Among the entries below, which lines run from the line with "Bakugou Sketch Official Mike Dunne" through the line with "FIGS Essential Full-Zip"? Retype those, both ends included, exactly and without pictures.

== Input material ==
■ ■ ■ ■
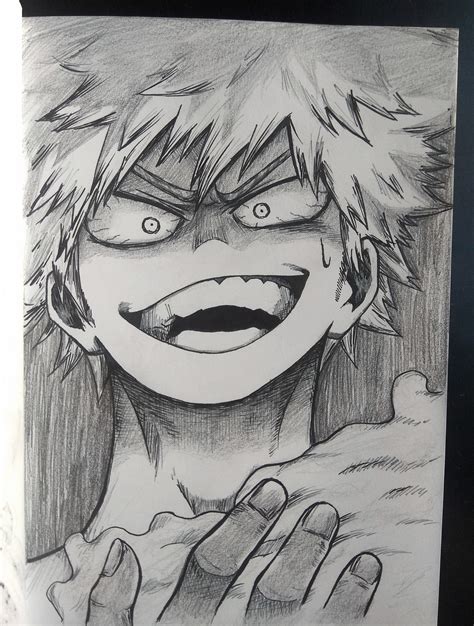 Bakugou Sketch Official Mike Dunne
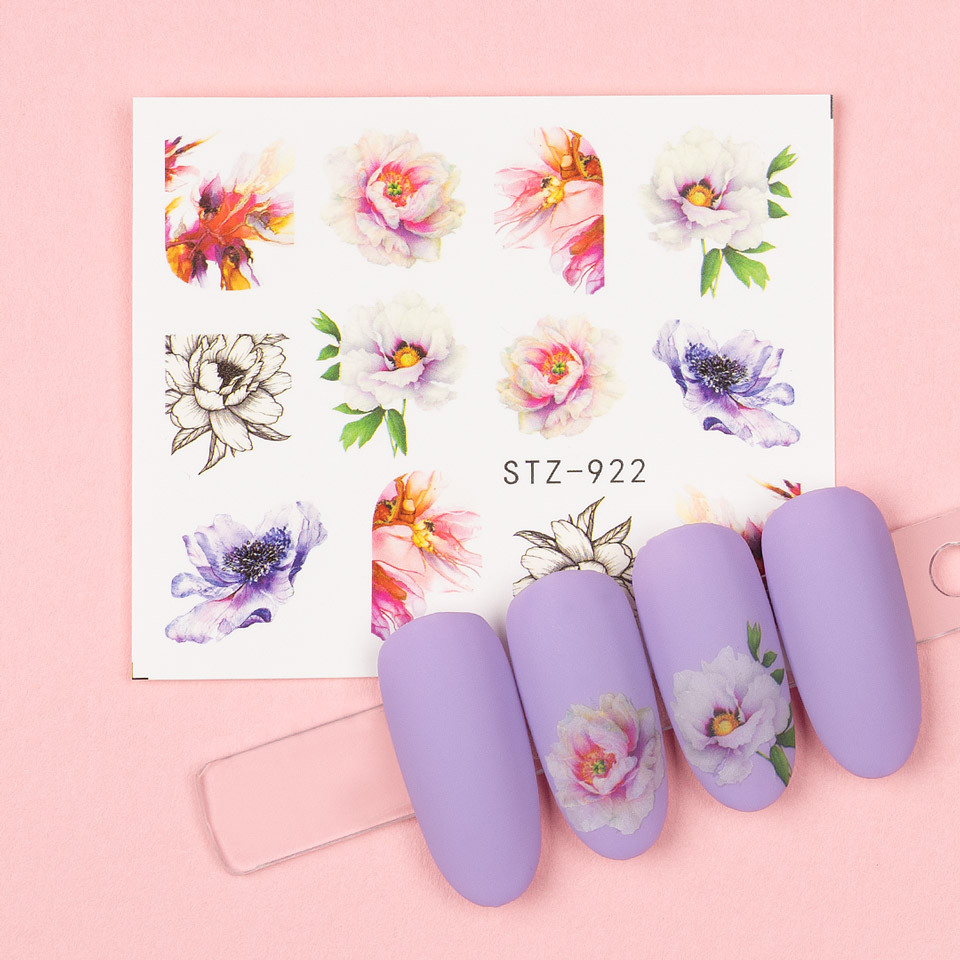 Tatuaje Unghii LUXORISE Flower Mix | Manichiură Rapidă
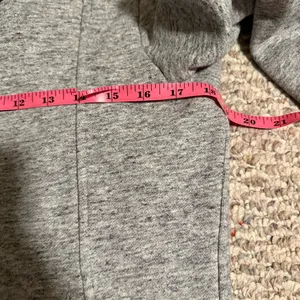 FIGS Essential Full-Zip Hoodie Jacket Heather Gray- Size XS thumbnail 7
■ ■ ■ ■
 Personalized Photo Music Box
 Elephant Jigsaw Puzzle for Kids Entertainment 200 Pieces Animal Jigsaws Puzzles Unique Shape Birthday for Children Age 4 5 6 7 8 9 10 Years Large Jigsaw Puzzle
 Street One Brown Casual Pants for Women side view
■ ■ ■ ■
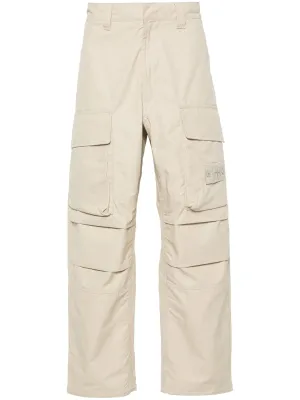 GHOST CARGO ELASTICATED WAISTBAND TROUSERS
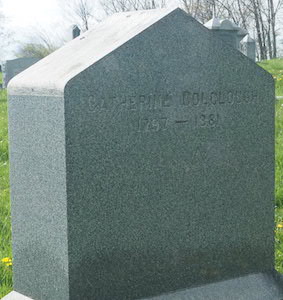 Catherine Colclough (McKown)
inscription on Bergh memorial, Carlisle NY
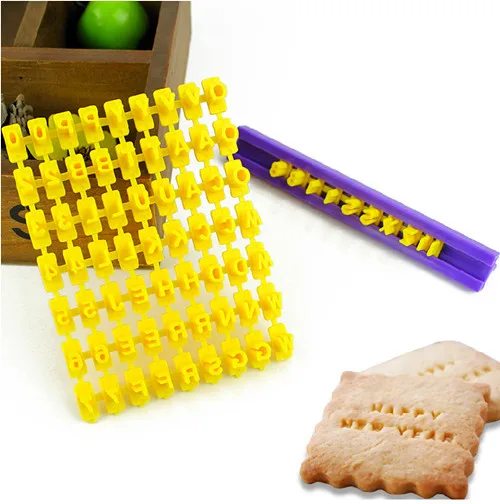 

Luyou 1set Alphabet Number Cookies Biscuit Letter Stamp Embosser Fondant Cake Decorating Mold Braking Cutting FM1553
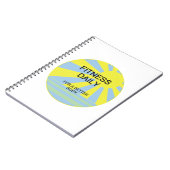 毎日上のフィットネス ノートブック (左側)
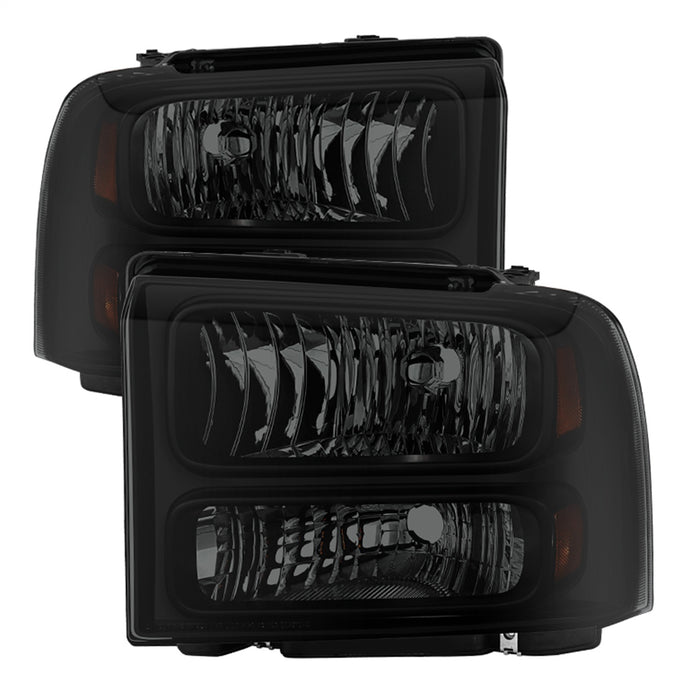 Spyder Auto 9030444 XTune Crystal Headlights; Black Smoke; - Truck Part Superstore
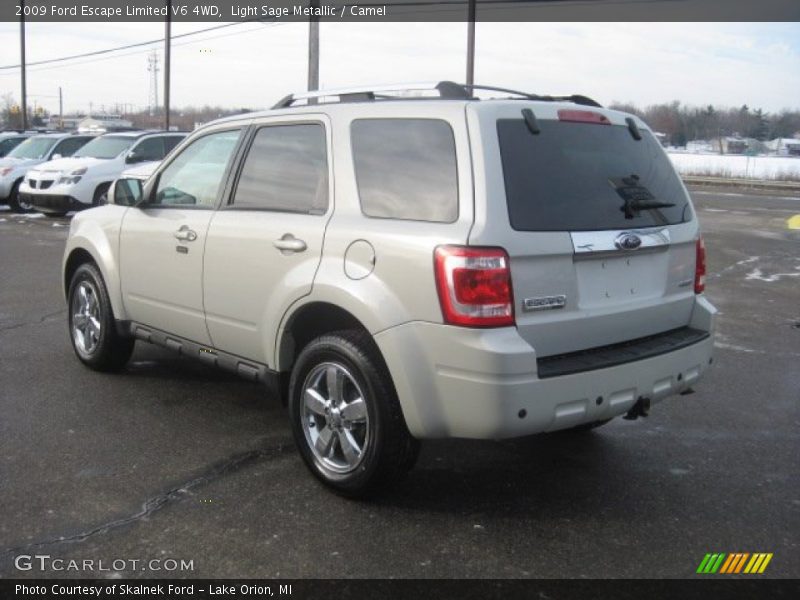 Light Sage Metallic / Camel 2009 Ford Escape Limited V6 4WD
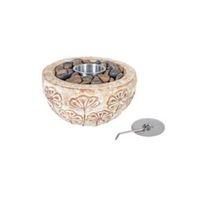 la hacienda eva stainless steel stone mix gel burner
■ ■ ■ ■
== Exercise output ==
 Bakugou Sketch Official Mike Dunne
 Tatuaje Unghii LUXORISE Flower Mix | Manichiură Rapidă
 FIGS Essential Full-Zip Hoodie Jacket Heather Gray- Size XS thumbnail 7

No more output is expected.